Tourmenté par Caen vendredi dernier mais consolé dans la foulée par les montpelliéraines, l’OM repartait sur du classique au milieu avec le retour de Romao aka “Ton tibia ne passera pas” et ce qu’on pourrait appeler des choix “sanction” concernant les “créatifs”, avec les titularisations de Michy et Ocampos, Gignac et Thauvin étant invités à répéter leurs scripts le long de la ligne de touche. Les toulousains ont eux fait le “pari” du 4-1-4-1, marquant une volonté de se calquer sur le système olympien.

Et c’est bien là la première “défaite” toulousaine, l’enfant terrible de Clermont-Ferrand a fait les mêmes erreurs que ses confrères qui ont eu à affronter l’OM durant les 8 victoires d’affilés. Terrorisés par l’arsenal offensif que les marseillais laissaient entrevoir, ils ont fait le choix de marquer individuellement les deux créateurs du milieu marseillais Payet et Imbula. Cela a une nouvelle fois fait le jeu marseillais, pour certains la physionomie du match a conditionné la maîtrise marseillaise avec notamment le but de celui qu’on espère moins précoce avec sa copine dès la 2ème minute de jeu, à mon sens la défaite se situe dans ce que je m’apprête à développer.

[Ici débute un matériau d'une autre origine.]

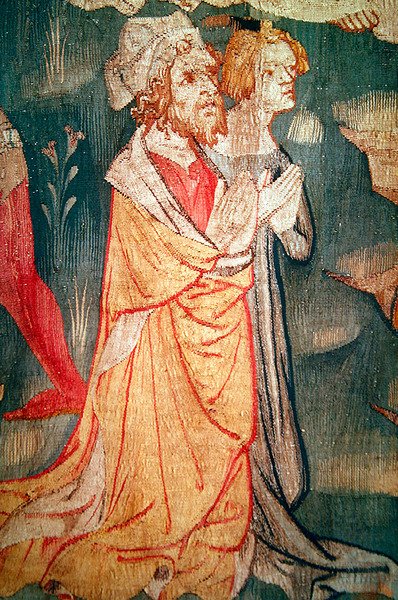 Detalle de Hombres ejecutados por la Bestia de la Tierra, no. 45 de "El Apocalipsis de Angers", 1373-87 de Nicolas Bataille
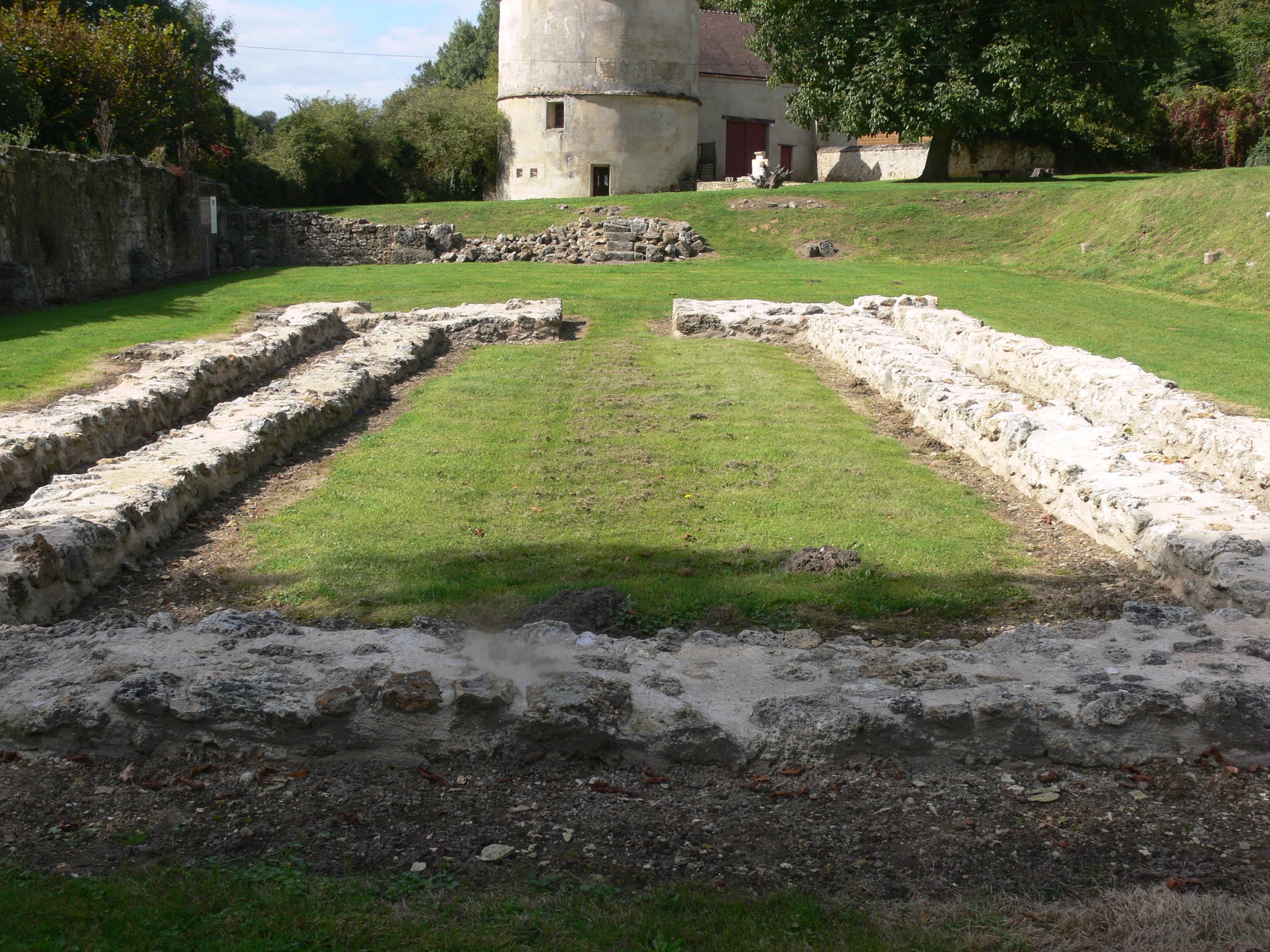 Vestiges de l'abbaye de Port-Royal des Champs et son pigeonnier photographiés en 2011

Alors que Nice, Guingamp ou encore Sainté ont montré comment perturber l’OM en annihilant les premières relances des centraux à travers un pressing de la ligne offensive couplé à un bloc défensif compact et regroupé, Casanova n’en eut que faire et a décidé de balancer Doumbia à l’abordage de Romao, Trejo sur Imbula et Grigore en charge de Payet. Et ça a bien marché……pour l’OM, il n’y a rien de mieux pour forcer Payet et Imbula à bouger, créer le décalage qu’en leur collant quelqu’un en indiv… Les décrochages du seul mec qui porte encore fièrement un dégradé espagnol en 2015 ont complètement déstabilisé le milieu toulousain le rendant orphelin de leur sentinelle censée sécuriser la défense. Jean-Armel Kana-Biyik a du mal à défendre avec des milieux qui l’aident, alors imaginez le sans aucun soutien… Ainsi les intervalles se sont créés, et l’OM du début de saison a été retrouvé, mais s’en était-il allé?

La défaillance toulousaine n’enlève en rien la très bonne performance globale des marseillais qui ont montré qu’ils n’ont pas oublié les préceptes Bielsistes malgré les grandes difficultés dans le jeu depuis le début de l’année 2015. Le score est bien entendu flatteur mais la plus grande satisfaction réside dans le fait qu’on a retrouvé un OM bon dans la gestion si on enlève les 5-10 minutes de flottement en 1ère mi-temps quand les mauves se sont décidé à presser (comme c’est étonnant…). On sait que l’un des préceptes de Bielsa est la construction par l’arrière, ce qui a d’ailleurs poussé le “capitaine” à travailler son jeu au pied (pour des progrès qu’on a du mal à évaluer d’ailleurs). Les bonnes performances marseillaises sont souvent synonyme d’une importante possession dans le 1er tiers du terrain, utile pour attirer l’adversaire et créer les premiers décalages souvent déterminants. Et les chiffres le prouvent, quand lors du dernier déplacement (Saint-Etienne), la possession dans le 1er tiers ne représentait que 18% de la possession totale, elle s’est élevée à 30% hier soir.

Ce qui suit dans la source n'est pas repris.